Europa hat sich diesem durch nichts gerechtfertigten Machtanspruch einhellig ergeben. Die USA können überall in der Welt in kürzester Zeit Krisen inszenieren, wie es gerade passt. Ob hier langfristige Pläne umgesetzt werden oder kurzfristiges Chaos den Interessengruppen dient – nach jedem dieser Schachzüge steht die Welt näher am Abgrund.
Spätestens nach dem 11. September 2001 ist eine Schranke der Rechtsstaatlichkeit gefallen. Die US-amerikanische Gesellschaft ist zerrüttet, ihre Regierung schon lange nicht mehr in der Lage, Wohlstand für die Mehrheit zu schaffen und Gerechtigkeit für alle möglich zu machen. (…)
Man wünschte den USA Politiker, die den Mut hätten, das eigene Land als Interventionsfall zu erkennen, statt überall in der Welt Chaos und Unglück zu verbreiten.
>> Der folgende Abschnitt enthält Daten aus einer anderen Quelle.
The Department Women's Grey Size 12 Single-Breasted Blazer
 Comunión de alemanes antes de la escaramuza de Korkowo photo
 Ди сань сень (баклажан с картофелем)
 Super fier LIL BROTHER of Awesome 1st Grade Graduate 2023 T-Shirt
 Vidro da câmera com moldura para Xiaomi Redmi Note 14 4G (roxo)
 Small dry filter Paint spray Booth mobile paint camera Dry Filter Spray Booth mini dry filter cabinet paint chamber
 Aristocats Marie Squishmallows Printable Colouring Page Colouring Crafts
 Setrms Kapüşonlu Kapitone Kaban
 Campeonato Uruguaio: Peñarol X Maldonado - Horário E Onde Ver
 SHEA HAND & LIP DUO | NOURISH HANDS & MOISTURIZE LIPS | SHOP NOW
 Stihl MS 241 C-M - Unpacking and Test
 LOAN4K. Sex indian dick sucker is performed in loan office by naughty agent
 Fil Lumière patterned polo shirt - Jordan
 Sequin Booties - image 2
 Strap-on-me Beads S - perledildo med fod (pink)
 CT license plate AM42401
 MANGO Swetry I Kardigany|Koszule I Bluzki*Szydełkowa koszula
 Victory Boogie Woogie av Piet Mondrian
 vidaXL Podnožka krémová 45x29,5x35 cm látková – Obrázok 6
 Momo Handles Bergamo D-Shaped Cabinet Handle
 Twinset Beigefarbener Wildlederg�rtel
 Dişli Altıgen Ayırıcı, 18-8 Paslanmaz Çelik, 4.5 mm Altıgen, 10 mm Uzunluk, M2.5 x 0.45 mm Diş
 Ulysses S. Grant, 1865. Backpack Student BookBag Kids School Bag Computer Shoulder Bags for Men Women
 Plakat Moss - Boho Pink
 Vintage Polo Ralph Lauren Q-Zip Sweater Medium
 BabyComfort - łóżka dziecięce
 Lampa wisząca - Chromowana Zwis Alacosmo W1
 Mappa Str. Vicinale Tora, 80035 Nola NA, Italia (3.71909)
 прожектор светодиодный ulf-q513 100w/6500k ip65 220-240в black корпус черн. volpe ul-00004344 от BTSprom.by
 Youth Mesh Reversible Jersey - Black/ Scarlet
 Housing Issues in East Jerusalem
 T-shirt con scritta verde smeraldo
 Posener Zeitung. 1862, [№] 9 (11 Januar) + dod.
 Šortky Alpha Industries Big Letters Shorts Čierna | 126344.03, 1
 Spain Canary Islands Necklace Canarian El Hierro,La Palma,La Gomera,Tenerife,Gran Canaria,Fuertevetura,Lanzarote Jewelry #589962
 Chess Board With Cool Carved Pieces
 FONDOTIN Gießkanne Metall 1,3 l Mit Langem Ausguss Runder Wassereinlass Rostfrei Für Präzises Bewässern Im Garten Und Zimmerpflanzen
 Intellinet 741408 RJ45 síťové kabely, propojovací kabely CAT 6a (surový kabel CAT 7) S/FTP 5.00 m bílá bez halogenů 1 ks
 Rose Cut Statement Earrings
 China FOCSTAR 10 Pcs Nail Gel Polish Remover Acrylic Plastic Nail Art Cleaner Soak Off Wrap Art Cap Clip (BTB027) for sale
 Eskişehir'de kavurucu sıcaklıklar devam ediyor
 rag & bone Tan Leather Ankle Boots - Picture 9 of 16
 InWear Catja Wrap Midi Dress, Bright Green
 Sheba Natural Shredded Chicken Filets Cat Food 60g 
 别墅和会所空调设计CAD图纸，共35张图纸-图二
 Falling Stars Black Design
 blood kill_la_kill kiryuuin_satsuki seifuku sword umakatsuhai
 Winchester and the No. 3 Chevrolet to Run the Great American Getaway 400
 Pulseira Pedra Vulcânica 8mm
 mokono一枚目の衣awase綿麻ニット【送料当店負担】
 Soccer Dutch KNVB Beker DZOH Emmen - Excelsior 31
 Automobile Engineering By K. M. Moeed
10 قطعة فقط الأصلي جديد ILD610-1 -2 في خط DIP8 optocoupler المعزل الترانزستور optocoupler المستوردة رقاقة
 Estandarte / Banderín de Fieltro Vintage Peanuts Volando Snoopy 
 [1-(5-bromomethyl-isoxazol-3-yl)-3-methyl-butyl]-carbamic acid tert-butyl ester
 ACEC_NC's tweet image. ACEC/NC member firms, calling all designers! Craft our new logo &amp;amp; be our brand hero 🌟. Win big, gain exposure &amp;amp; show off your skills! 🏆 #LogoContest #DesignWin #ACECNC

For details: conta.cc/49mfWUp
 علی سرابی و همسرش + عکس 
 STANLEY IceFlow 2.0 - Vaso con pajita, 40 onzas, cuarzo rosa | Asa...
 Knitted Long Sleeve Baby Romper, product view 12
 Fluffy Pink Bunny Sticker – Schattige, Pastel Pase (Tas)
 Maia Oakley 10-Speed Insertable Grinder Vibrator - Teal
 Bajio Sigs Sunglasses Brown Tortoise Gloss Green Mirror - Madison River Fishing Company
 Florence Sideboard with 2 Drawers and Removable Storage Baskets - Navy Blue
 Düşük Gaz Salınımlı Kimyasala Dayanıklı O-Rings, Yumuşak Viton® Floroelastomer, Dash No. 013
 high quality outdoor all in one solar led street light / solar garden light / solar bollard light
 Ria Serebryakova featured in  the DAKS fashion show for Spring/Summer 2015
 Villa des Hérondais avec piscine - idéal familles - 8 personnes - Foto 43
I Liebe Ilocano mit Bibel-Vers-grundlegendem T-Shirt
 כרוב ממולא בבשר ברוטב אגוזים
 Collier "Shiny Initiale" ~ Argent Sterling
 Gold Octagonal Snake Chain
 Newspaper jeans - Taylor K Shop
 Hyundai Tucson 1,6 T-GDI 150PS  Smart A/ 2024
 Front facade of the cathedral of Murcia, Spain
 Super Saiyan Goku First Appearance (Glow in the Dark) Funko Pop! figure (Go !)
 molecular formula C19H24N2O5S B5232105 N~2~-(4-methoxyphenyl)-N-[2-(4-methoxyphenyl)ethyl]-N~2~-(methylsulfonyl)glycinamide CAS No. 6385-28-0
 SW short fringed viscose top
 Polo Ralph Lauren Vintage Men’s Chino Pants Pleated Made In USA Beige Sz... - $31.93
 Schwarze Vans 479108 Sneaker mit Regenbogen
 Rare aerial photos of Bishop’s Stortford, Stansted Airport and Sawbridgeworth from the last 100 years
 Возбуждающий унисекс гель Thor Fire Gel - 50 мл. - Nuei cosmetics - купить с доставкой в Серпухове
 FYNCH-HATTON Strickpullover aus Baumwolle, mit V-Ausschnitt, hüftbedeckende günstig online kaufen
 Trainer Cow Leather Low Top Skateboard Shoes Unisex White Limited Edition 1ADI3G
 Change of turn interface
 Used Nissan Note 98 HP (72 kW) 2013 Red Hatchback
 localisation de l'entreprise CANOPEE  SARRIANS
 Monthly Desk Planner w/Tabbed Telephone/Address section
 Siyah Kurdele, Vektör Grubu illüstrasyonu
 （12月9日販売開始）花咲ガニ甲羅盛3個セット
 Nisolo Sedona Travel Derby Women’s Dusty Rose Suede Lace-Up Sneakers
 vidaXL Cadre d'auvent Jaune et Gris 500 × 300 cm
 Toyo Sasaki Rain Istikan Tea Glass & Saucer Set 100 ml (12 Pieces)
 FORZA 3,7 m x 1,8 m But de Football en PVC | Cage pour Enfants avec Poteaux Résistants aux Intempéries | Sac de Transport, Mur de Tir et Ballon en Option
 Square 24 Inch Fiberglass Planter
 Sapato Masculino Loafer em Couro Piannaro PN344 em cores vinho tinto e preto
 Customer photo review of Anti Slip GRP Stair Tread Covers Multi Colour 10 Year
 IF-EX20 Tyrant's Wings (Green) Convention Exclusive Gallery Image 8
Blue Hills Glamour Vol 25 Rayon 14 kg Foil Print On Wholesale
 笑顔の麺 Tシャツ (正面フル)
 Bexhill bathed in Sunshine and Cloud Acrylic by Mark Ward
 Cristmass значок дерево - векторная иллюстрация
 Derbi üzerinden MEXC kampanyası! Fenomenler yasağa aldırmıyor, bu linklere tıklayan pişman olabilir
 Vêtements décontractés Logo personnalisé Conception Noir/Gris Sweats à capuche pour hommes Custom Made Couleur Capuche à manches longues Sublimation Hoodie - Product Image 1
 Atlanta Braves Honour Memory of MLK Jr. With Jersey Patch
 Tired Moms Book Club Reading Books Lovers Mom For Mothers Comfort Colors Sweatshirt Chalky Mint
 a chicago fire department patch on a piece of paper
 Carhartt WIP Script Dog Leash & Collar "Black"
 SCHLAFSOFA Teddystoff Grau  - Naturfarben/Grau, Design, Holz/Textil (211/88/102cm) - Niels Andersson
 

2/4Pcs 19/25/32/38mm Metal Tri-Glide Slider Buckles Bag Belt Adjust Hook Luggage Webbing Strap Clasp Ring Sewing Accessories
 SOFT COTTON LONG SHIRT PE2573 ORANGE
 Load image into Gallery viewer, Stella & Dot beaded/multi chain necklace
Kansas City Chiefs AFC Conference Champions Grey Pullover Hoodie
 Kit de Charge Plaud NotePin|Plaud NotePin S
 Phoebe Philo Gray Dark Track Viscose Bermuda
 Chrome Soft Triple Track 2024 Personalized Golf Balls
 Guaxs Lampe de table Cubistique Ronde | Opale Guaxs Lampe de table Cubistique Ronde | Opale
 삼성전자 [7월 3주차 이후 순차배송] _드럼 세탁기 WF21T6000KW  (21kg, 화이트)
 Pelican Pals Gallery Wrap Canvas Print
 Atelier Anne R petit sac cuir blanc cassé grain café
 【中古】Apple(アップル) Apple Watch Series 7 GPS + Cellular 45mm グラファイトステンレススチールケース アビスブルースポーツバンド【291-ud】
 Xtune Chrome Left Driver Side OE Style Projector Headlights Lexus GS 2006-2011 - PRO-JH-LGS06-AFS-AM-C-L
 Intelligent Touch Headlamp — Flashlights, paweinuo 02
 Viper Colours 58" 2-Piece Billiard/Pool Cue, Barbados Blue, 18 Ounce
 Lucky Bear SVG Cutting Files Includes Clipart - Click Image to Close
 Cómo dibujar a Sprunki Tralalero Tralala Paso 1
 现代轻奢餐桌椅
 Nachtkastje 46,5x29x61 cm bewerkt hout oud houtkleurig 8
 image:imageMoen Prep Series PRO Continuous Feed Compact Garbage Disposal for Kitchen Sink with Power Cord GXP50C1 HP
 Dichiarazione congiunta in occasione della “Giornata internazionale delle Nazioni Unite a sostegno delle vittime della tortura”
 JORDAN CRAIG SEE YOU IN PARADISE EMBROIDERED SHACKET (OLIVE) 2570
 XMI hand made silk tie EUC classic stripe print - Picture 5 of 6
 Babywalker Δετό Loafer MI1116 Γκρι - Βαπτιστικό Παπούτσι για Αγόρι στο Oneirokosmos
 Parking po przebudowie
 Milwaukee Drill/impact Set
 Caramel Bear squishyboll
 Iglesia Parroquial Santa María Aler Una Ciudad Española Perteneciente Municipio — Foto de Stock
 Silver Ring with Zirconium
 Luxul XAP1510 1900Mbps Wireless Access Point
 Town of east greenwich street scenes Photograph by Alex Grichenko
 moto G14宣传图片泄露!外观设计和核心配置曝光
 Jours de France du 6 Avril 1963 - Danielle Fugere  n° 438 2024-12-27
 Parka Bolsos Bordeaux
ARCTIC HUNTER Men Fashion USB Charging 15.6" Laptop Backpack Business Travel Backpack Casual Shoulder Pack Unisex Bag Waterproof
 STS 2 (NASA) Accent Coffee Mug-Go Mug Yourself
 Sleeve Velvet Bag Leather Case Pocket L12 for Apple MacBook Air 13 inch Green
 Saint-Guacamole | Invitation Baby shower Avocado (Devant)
Und für die Staaten Europas wäre es an der Zeit, auf dem verhängnisvollen Weg in Krieg und Zerstörung einzuhalten, die Interessen der Bevölkerung in den Blick zu nehmen und ihre souveränen Rechte durch vernünftige Politik zu wahren.
Nur ein schöner Traum? Die kalten Krieger und die Profiteure des heißen Krieges könnten sich täuschen.